_PROBLEM STATEMENT_
Exactly the lines from the one containing "must de cartier（マストドゥカルティエ）must" through the end of the listing below are required, restated word for word and without pictures.

_GIVEN DATA_
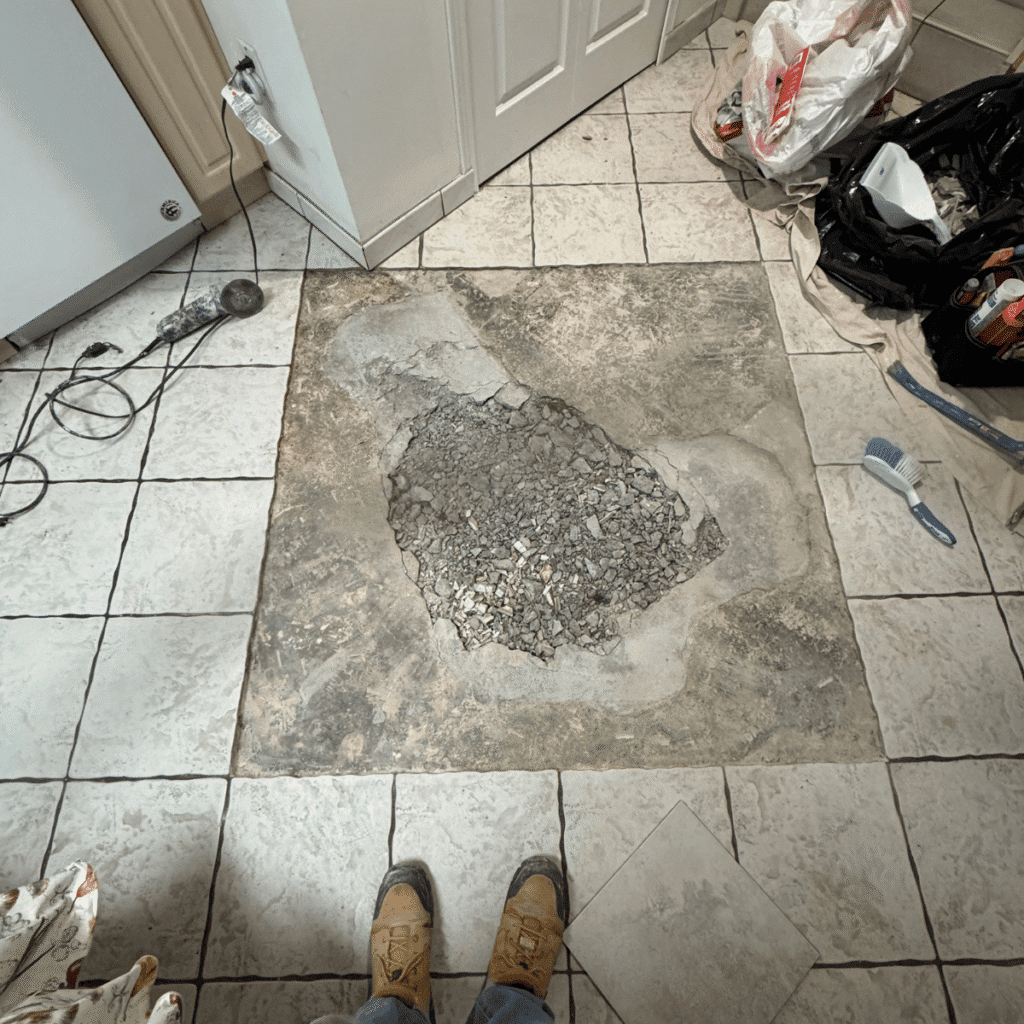 Removing damaged tile carefully without affecting surrounding tiles
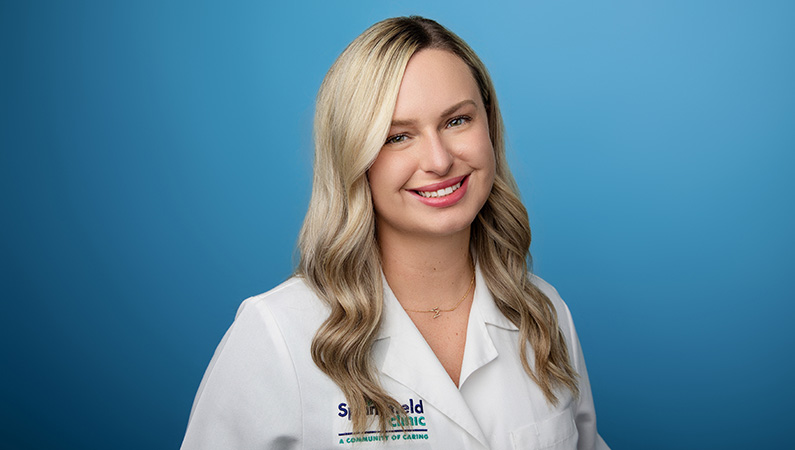 Female nurse practitioner wearing white medical coat smiling in front of light blue photo backdrop.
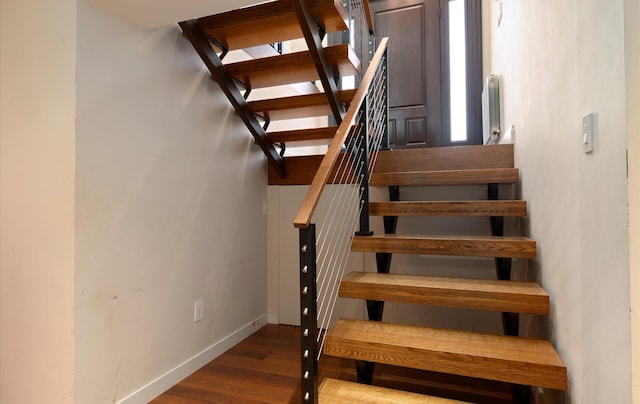 stairway with baseboards and wood finished floors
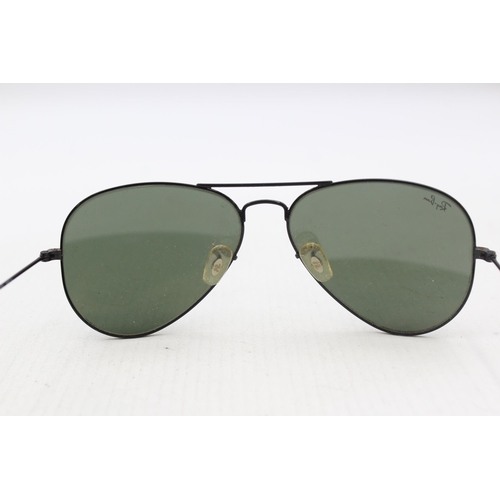 565 - A pair of cased Ray-Ban Aviator style sunglasses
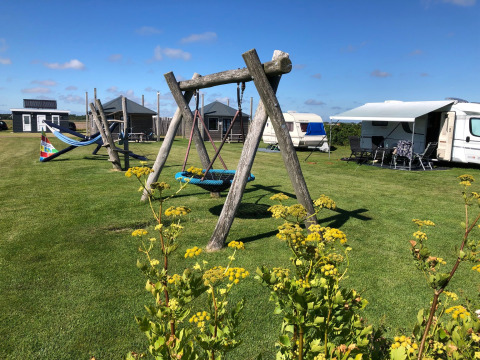 Camping Duinzoomhoeve glamping med legehus, gynger, campingvogne og farverige blomster i solrige omgivelser.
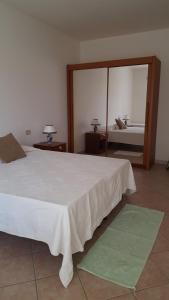 En eller flere senge i et værelse på Casa Vacanze Capoterra
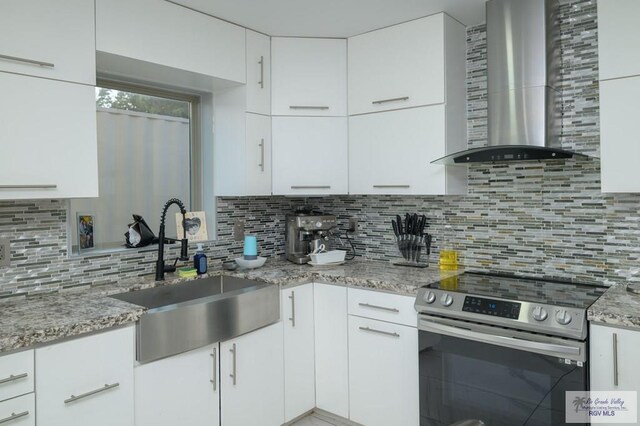 kitchen with wall chimney range hood, sink, electric range, tasteful backsplash, and white cabinetry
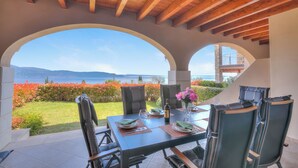 A covered outdoor dining area with a table set for two, overlooking a scenic view of the sea and mountains.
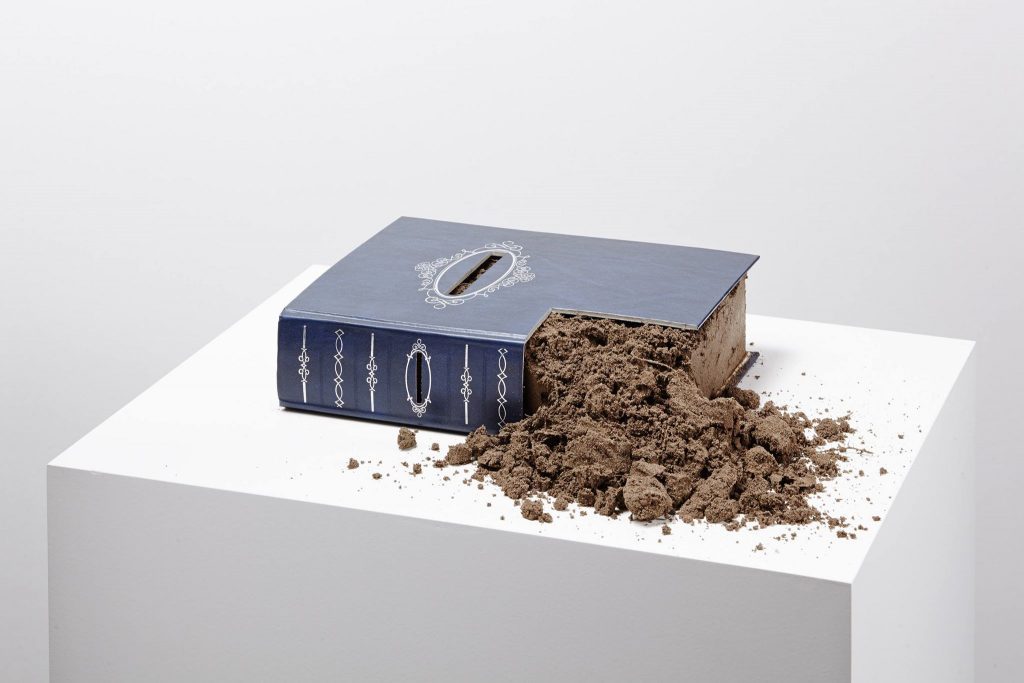 Libro azul oscuro junto a montículo de tierra marrón sobre base blanca, representando metáfora de lengua sepultada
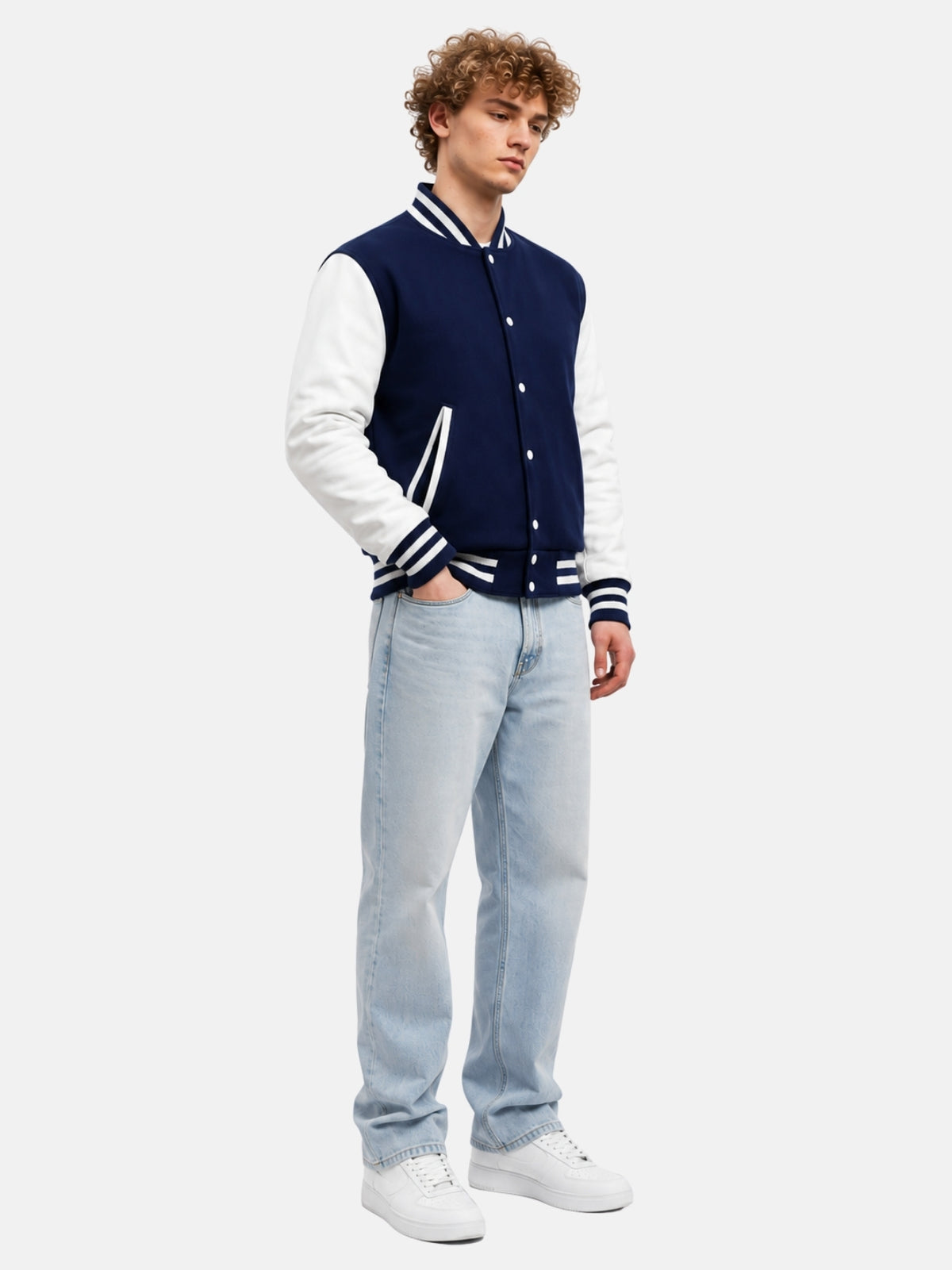 Full-length outfit with navy letterman jacket, light-wash jeans and white sneakers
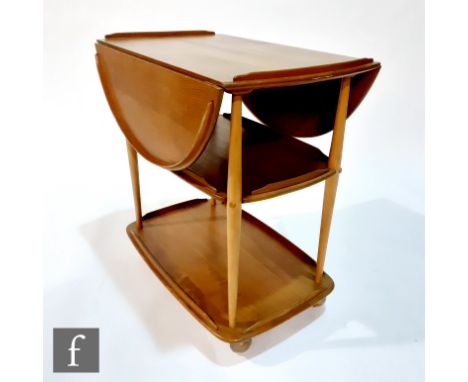 Lucian Ercolani - Ercol Furniture - A model 505 elm and beech table trolley, with an oval drop-leaf top and raised to swivel 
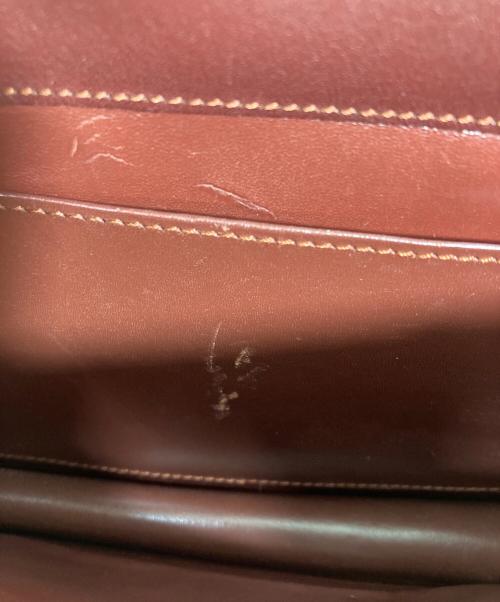 must de cartier（マストドゥカルティエ）must de cartier (マストドゥカルティエ) ショルダーバッグ レッドの古着・服飾アイテム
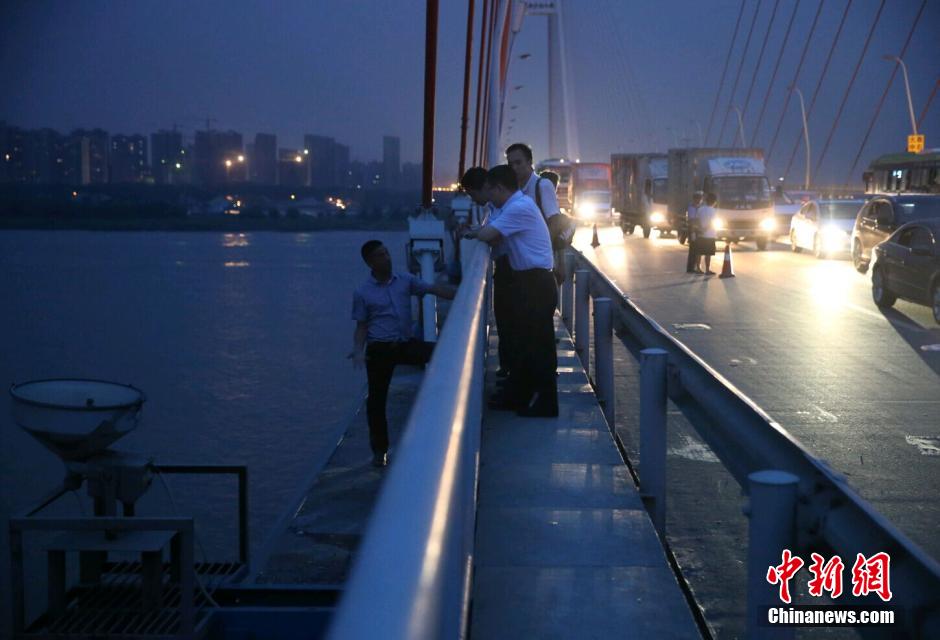 圖為武漢警方談判專(zhuān)家正在與翻爬至大橋外側(cè)護(hù)欄的劫持者談判。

_ANSWER BOX_
 must de cartier（マストドゥカルティエ）must de cartier (マストドゥカルティエ) ショルダーバッグ レッドの古着・服飾アイテム
 圖為武漢警方談判專(zhuān)家正在與翻爬至大橋外側(cè)護(hù)欄的劫持者談判。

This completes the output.